Custom Mortgage Calculator: Calculate Monthly Home Loan Payments
Mortgage payments typically make up the largest percentage of a homeowner’s monthly expenses. Whether you want to balance your budget before securing a mortgage rate or compare how different factors influence your payments, our custom mortgage calculator will help you determine monthly costs.
If you’re exploring how a home refinance could affect your monthly payments, check out our refinance calculator.
How to Calculate Mortgage Payments
To use the custom mortgage calculator, start by inputting all of your loan information. This can be real information from an existing mortgage or hypothetical values that you’re experimenting with. You can also add information about prepayments if you plan to make those.
If you’re unsure about a term, click the question marks in each row for more information. There’s also full descriptions for each term below the calculator.
With all your information added, the calculator will display your estimated monthly payment amount. It will also generate graphs to show principal and interest breakdowns, as well as principal balance over the loan term.
By clicking “View Report” at the top of the calculator, you can see a more detailed layout of all the facts and figures, additional summaries, payment schedules and printing options.
Principal vs. Interest Payments
If you’ve never taken out a home loan before, the differences between principal and interest payments may be new to you.
The principal is the original amount of money borrowed from a lender to buy a home, excluding interest. Payments towards the principal directly reduce the outstanding balance of the loan. As the principal balance decreases over time, you build equity in your property, which is the difference between the property’s value and what you owe on the mortgage.
On the other hand, interest is the cost of borrowing money, calculated as a percentage of the principal balance of the loan. Interest payments do not reduce the principal balance; instead, they are the lender’s charge for lending you the money.
Fixed-rate mortgages are often structured so that the total monthly payment remains constant over the life of the loan, but the amount of principal and interest payments shift over time. In the early years of the loan, a larger portion of each payment goes toward interest. As your lender makes a return on the loan, the interest expense goes down, and more of each payment goes towards reducing the principal.
By using the custom mortgage calculator, you can see a breakdown of how your overall debt will be split between primary and interest, as well as how much primary you will have left year by year.
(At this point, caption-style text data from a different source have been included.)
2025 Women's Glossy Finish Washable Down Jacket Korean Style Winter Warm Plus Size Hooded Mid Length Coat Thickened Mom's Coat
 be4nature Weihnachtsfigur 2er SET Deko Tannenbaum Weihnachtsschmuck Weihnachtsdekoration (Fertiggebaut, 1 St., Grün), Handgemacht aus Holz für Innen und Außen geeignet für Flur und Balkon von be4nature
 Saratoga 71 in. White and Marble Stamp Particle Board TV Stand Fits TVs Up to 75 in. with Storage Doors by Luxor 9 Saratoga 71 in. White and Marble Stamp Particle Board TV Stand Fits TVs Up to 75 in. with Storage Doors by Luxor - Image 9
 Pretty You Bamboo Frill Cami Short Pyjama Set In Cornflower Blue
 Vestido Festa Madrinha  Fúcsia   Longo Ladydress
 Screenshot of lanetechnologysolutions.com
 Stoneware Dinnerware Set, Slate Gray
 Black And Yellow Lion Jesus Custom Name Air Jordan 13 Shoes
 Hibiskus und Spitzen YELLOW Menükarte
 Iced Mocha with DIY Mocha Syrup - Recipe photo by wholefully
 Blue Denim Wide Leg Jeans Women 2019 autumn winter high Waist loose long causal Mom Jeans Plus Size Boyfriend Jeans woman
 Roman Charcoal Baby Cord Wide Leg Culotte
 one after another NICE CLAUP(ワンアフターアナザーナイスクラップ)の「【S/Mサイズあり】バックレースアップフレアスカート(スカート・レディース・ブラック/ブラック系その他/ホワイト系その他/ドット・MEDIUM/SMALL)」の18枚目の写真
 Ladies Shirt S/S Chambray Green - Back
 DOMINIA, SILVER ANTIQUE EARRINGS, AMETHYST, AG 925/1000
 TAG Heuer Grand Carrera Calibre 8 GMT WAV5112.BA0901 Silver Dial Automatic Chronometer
Mortgage prepayment refers to the act of paying off a mortgage loan before its due date. This can be done either by paying off the entire balance at once or by making extra payments in addition to the regular monthly payments.
Prepaying a mortgage can reduce the amount of interest paid over the life of the loan, as it decreases the principal balance faster than scheduled, thereby reducing the interest calculated on the remaining principal.
Be aware some mortgages may have prepayment penalties, which are fees charged by the lender for paying off the loan early. It’s important to understand the terms of your mortgage agreement before making extra payments.
The custom mortgage calculator allows you to visualize how mortgage prepayments will affect your interest debt. Input prepayment frequency and the amount you’ll pay, and the calculator will tell you how much you stand to save in interest. It will also compare your debt on the normal payment schedule to your debt with prepayments over the course of your loan term.